Council on Foreign Relations President Richard Haas, Brzezinski’s co-panelist on the morning program, asked if one of the appropriate measures would be for Syria’s neighbors in the Middle East to withdraw their diplomats from Russia to show their disapproval of Moscow’s support for Syria.

“I don’t think the Russians will be terribly impressed by that,” Brzezinski said. “Ambassadors will be gone and what has changed in Syria is the consequence. I think the fact of the matter this issue is extraordinarily sensitive.”

“At the same time,” he added, “it is not as horrible or as dramatic as it is portrayed. If you look at the world in recent years, the horrible war in Sri Lanka, the killings in Rwanda, and the deaths in Libya and so forth. You know, let’s have a sense of proportion here. This is a neurologic part of the world in which all of a sudden if we are not intelligent about it we can create a nexus between a difficult internal problem which has not assumed huge proportions yet and a regional problem and a global problem which involves our relationships with the other major powers, particularly Russia, but also the negotiations with Iran over the nuclear problem.”

Brzezinski said an agreement would have to involve Russia, but also China and the major European powers as well.

“It’s not going to be solved by recalling ambassadors from Moscow or telling the Russians they are acting like thugs,” he said. “The fact of the matter is unless there is international cooperation which results in some proposal that the Assad government can live with, and which involves some sort of supervised effort to establish some domestic consensus, this conflict is going to go on.

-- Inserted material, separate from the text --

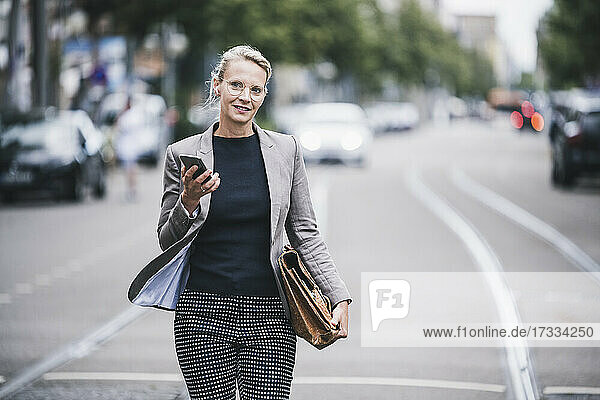 Female professional holding mobile phone and bag while walking at tramway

And let’s not exaggerate this conflict.”

He said that the Syrian uprising is distinct from other conflicts because violence isn’t widespread geographically, the army has remained intact and the business elite has remained supportive of the Assad government.

His “Morning Joe” co-panelists, including Washington Post columnist David Ignatius, seemed to disagree with Brzezinski by saying the level of violence was horrific, citing the massacre at Houla as an example.

Brzezinski reacted by saying that acting on the emotional appeal of one incident would create a much worse problem.

“Don’t put me in a position of defending brutality and knifing people,” Brzezinski said. “Frankly, that’s not the issue. We do know these things happen, and they are horrible. They also happened on a much larger scale in many other countries in which we have not intervened. My point here is we are dealing in a region with which all of these issues are interconnected. And if we act simply on the basis of emotion and sort of vague threats that the Russians have to be forced to be good boys, we’re going to produce a region-wide outbreak in which the issues within Syria will become linked with the conflict between the Saudis and the Shiites. Iraq will become destabilized. Iran will be involved. The Israelis on the side are also interested in not having a particularly strong Syria. So they are watching here carefully.

“We are watching the breakdown of negotiations with Iran on top of it,” he continued. “And we’ll have a major international problem on our hands with political and economic consequences that are very serious. And what I hear is a lot of emotion and sloganeering. But I haven’t heard what the secret plans of the White House is conceiving actually are on how they’re going to be implemented unless we get international cooperation on it.”